AWS Redshift for System Architects
What Is Amazon Redshift?
Amazon Redshift is a fully managed, petabyte-scale data warehouse service that uses SQL to analyze structured and semi-structured data. Redshift uses massively parallel processing (MPP) and columnar storage to deliver fast query performance on large datasets.
What Problems Redshift Solves:
- Analytical query performance: Traditional databases struggle with complex analytical queries; Redshift handles petabyte-scale analytics with sub-second latency
- Data warehouse cost: On-premises data warehouses are expensive to scale; Redshift offers pay-as-you-go pricing starting at $0.25/hour
- Data lake integration: Querying S3 data lakes requires complex ETL; Redshift Spectrum queries S3 directly without loading
- Scalability bottlenecks: Vertical scaling limits constrain growth; Redshift scales horizontally to petabytes
- Operational overhead: Managing data warehouse infrastructure is complex; Redshift is fully managed with automated backups, patching, and scaling
When to use Redshift:
- You need a data warehouse for OLAP (Online Analytical Processing) workloads
- You have large datasets (>100 GB) requiring complex analytical queries
- You want to query data in S3 without ETL (Redshift Spectrum)
- You need BI tool integration (Tableau, PowerBI, Looker, QuickSight)
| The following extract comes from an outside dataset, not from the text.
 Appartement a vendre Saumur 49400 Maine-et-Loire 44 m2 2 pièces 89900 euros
- You require sub-second query performance on aggregations and joins
Redshift Serverless vs Provisioned Clusters
Redshift offers two deployment models with distinct cost and operational characteristics.
Redshift Serverless
Zero-configuration data warehouse that auto-scales compute capacity.
How It Works:
- Capacity measured in Redshift Processing Units (RPUs)
- Minimum 8 RPUs (base capacity), scales automatically based on workload
- Per-second billing (60-second minimum)
- No cluster management required
Pricing (us-east-1, 2024):
- $0.375/RPU-hour (minimum 8 RPUs = $3/hour when active)
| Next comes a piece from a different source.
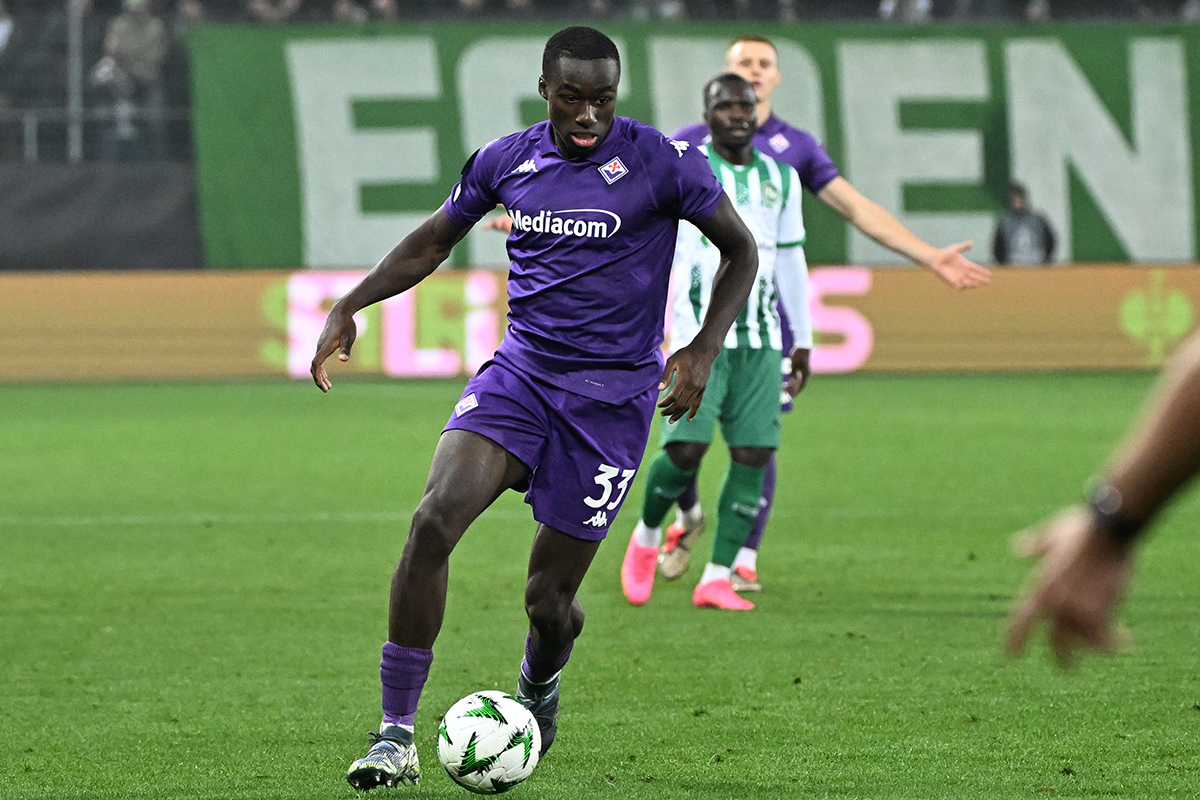 Kayode, addio Fiorentina. Il Brentford ha esercitato il diritto di riscatto. Ai viola 17,5 milioni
- Storage: $0.024/GB/month (Redshift Managed Storage)
- Free credits: None (pay only when queries run)
- Serverless Reservations: Up to 24% discount for 1-year or 3-year commitments
Cost Example:
- 8 RPUs base capacity running 2 hours/day × 30 days = 60 hours
- Compute: 60 hours × 8 RPUs × $0.375 = $180/month
- Storage: 500 GB × $0.024 = $12/month
- Total: $192/month
When to Use Serverless:
- Unpredictable or spiky workloads (ad-hoc analytics, BI dashboards)
- Development and testing environments
- Infrequent usage (<8 hours/day)
- Workloads with idle periods (no charges when not querying)
- Teams wanting zero operational overhead
Savings: 40-65% cost reduction vs provisioned for variable workloads (AWS customer reports).
Provisioned Clusters
Node-based clusters with configurable instance types and node counts.
Architecture:
- Leader node: Receives queries, develops query plans, distributes work
- Compute nodes: Store data and execute queries in parallel (2-128 nodes)
- RA3 nodes: Separate compute and storage (recommended)
Pricing (us-east-1, 2024):
- ra3.xlplus: $1.235/hour (4 vCPUs, 32 GB memory)
- ra3.4xlarge: $3.26/hour (12 vCPUs, 96 GB memory)
- ra3.16xlarge: $13.04/hour (48 vCPUs, 384 GB memory)
- Storage (RA3): $0.024/GB/month (Redshift Managed Storage, separate from compute)
- Reserved Instances: Up to 64% discount (3-year commitment)
Cost Example (2-node ra3.4xlarge cluster):
- Compute: 2 nodes × $3.26/hour × 730 hours = $4,760/month
- Storage: 500 GB × $0.024 = $12/month
- Total: $4,772/month
- Reserved (3-year): $1,718/month (64% savings)
When to Use Provisioned:
- Predictable, steady workloads (>8 hours/day)
- Cost optimization with Reserved Instances
- Performance-sensitive applications requiring dedicated resources
- Workloads requiring specific node configurations
Breakeven Analysis:
- Serverless at 8 RPUs: $3/hour active time
- Provisioned ra3.4xlarge (2 nodes): $6.52/hour (always running)
- Breakeven: Serverless is cheaper if active <50% of the time (12 hours/day)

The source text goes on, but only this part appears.